# Data extract
◆ ◆ ◆ ◆ ◆

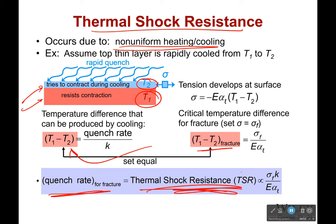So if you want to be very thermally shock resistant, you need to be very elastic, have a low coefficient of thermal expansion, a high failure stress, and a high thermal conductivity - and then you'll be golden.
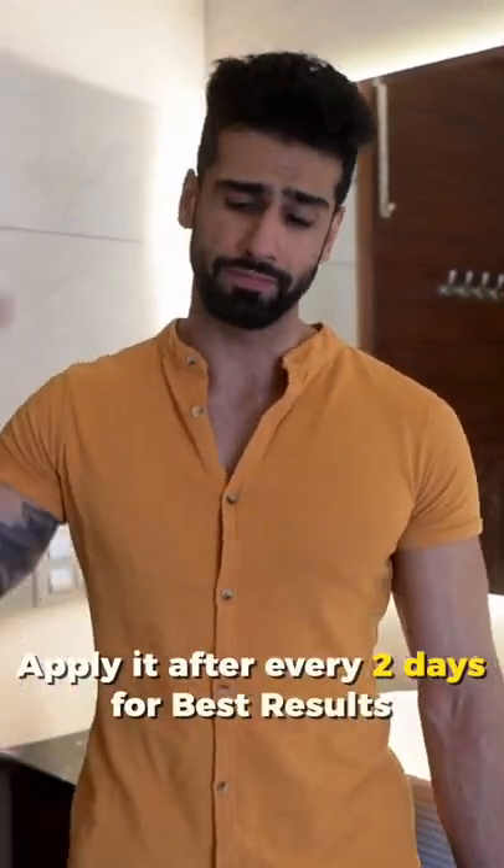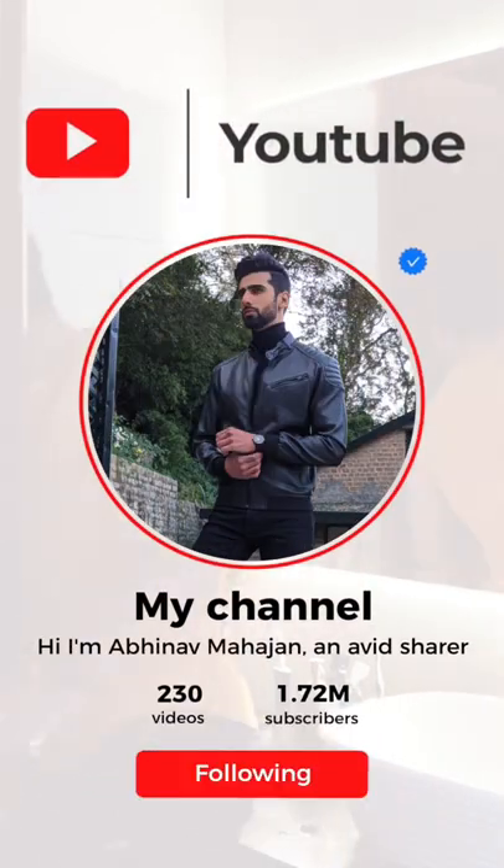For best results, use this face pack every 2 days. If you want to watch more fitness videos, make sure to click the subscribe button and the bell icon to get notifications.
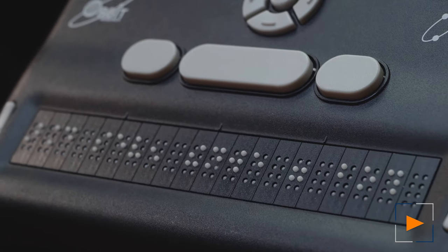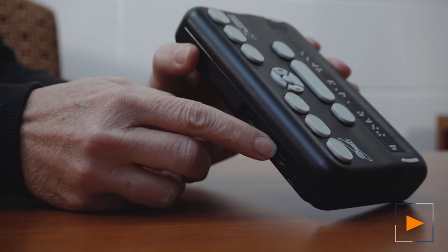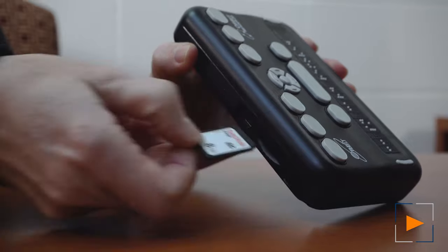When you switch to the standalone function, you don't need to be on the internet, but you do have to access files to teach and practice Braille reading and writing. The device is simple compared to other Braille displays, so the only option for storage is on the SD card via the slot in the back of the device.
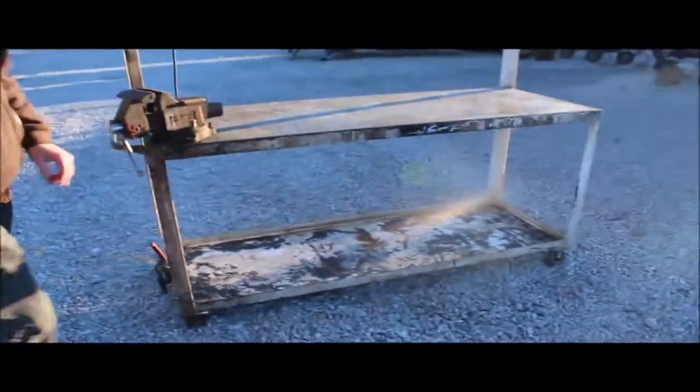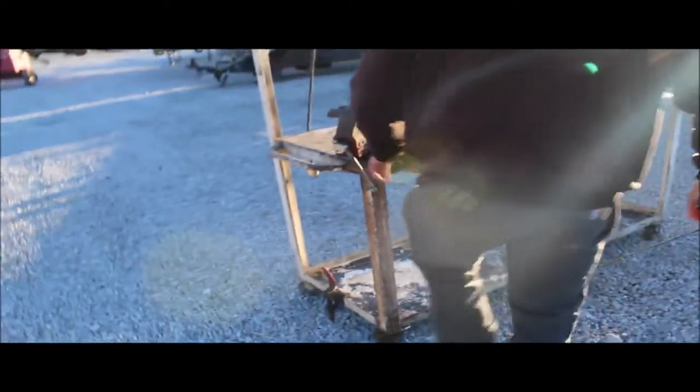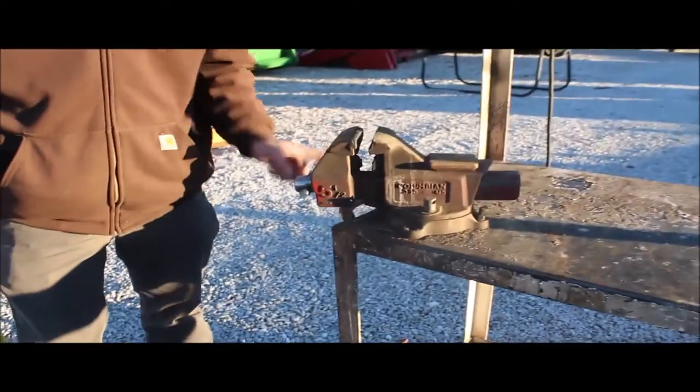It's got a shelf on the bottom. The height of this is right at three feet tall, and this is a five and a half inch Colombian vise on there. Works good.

◆ ◆ ◆ ◆ ◆

# What to work on
Leave out any pictures, please, and quote only the lines from the top of the data through the line that contains "When you switch".

# Output below
So if you want to be very thermally shock resistant, you need to be very elastic, have a low coefficient of thermal expansion, a high failure stress, and a high thermal conductivity - and then you'll be golden.
For best results, use this face pack every 2 days. If you want to watch more fitness videos, make sure to click the subscribe button and the bell icon to get notifications.
When you switch to the standalone function, you don't need to be on the internet, but you do have to access files to teach and practice Braille reading and writing. The device is simple compared to other Braille displays, so the only option for storage is on the SD card via the slot in the back of the device.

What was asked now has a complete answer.